■ Records shown:
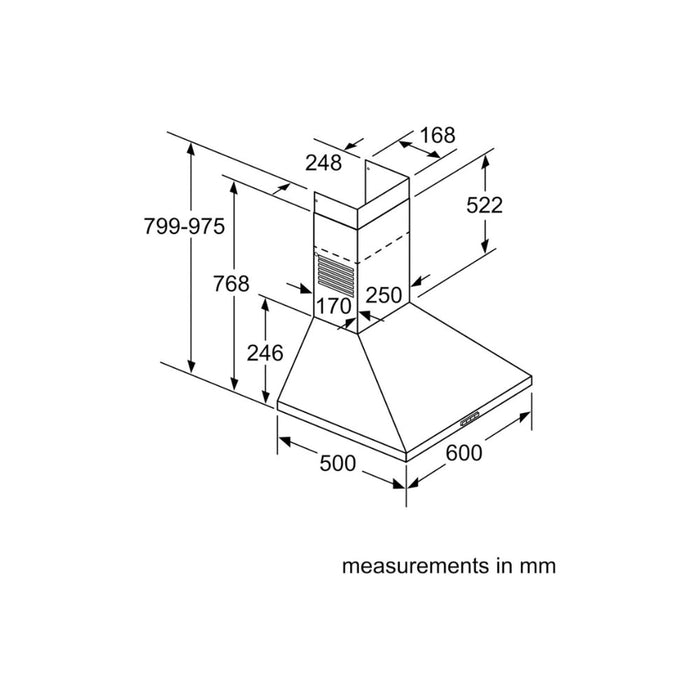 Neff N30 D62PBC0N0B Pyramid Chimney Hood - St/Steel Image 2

---

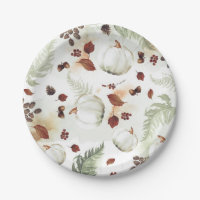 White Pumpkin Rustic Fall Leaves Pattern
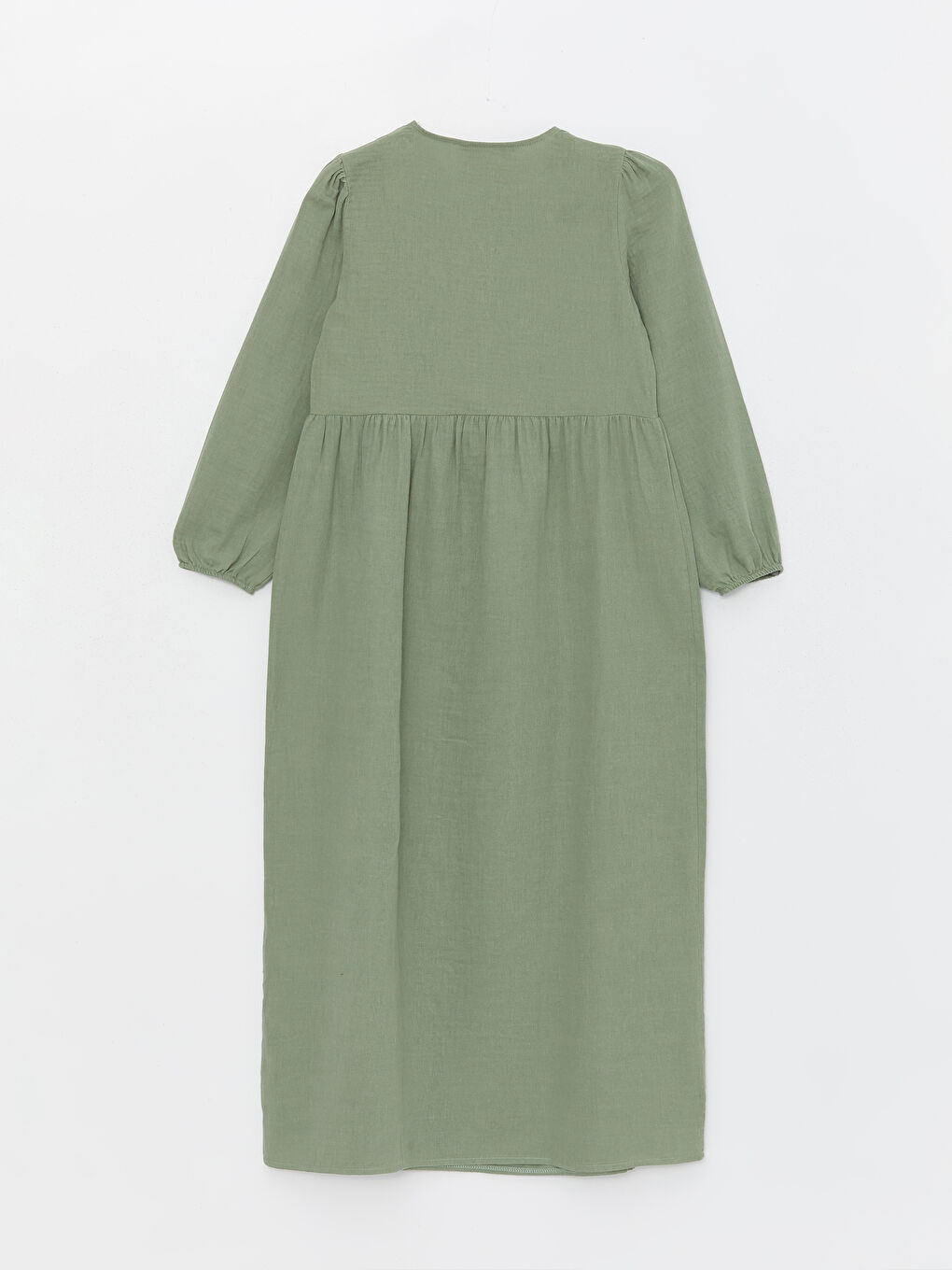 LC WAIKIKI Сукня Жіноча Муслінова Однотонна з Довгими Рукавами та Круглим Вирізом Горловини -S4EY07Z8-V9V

* * *

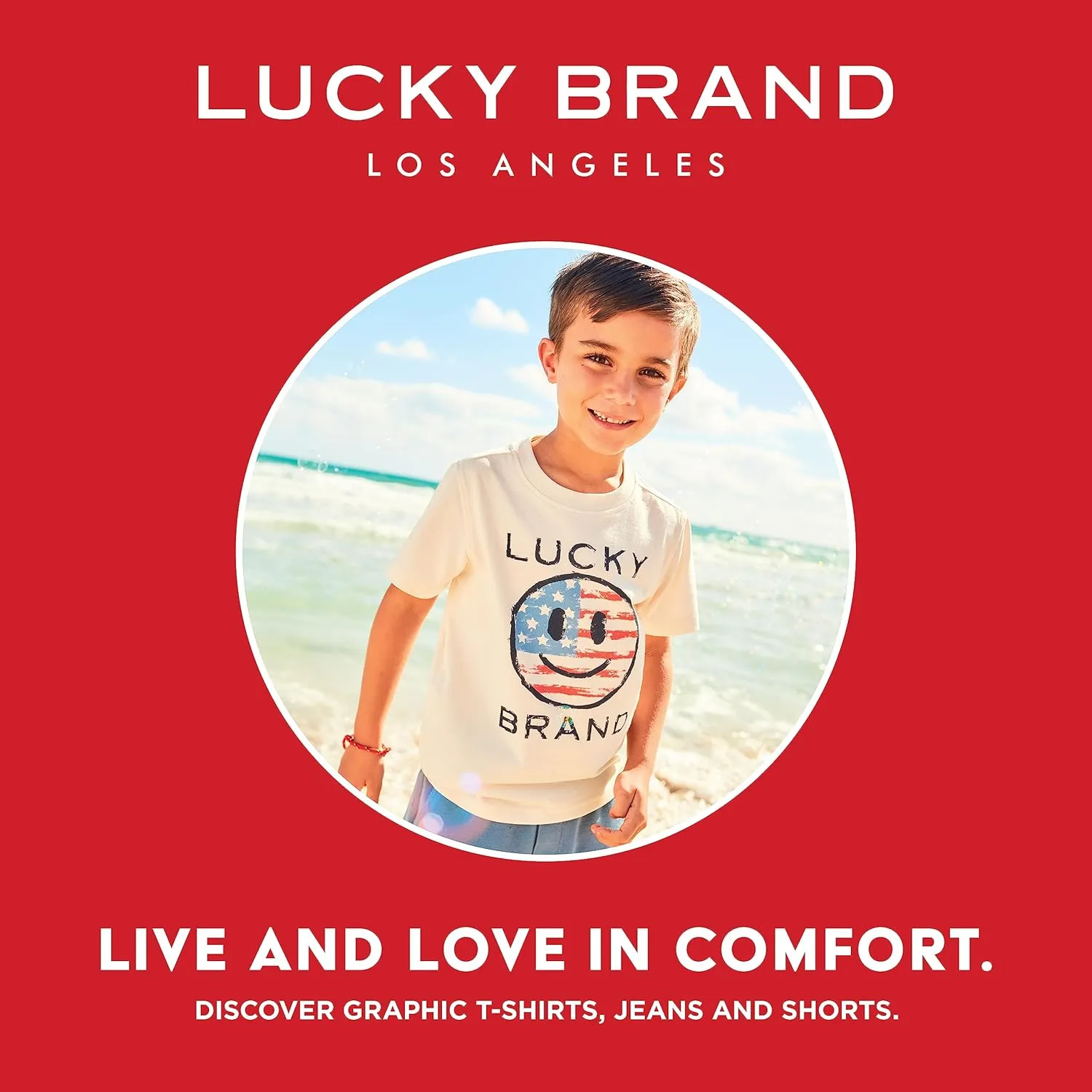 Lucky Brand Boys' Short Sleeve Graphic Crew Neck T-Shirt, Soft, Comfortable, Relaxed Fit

■ Task item: The answer should consist only of the lines above from the one with "White Pumpkin Rustic Fall Leaves Pattern" through the one with "LC WAIKIKI Сукня", repeated exactly, with no pictures among them.

■ Task solution:
 White Pumpkin Rustic Fall Leaves Pattern
 LC WAIKIKI Сукня Жіноча Муслінова Однотонна з Довгими Рукавами та Круглим Вирізом Горловини -S4EY07Z8-V9V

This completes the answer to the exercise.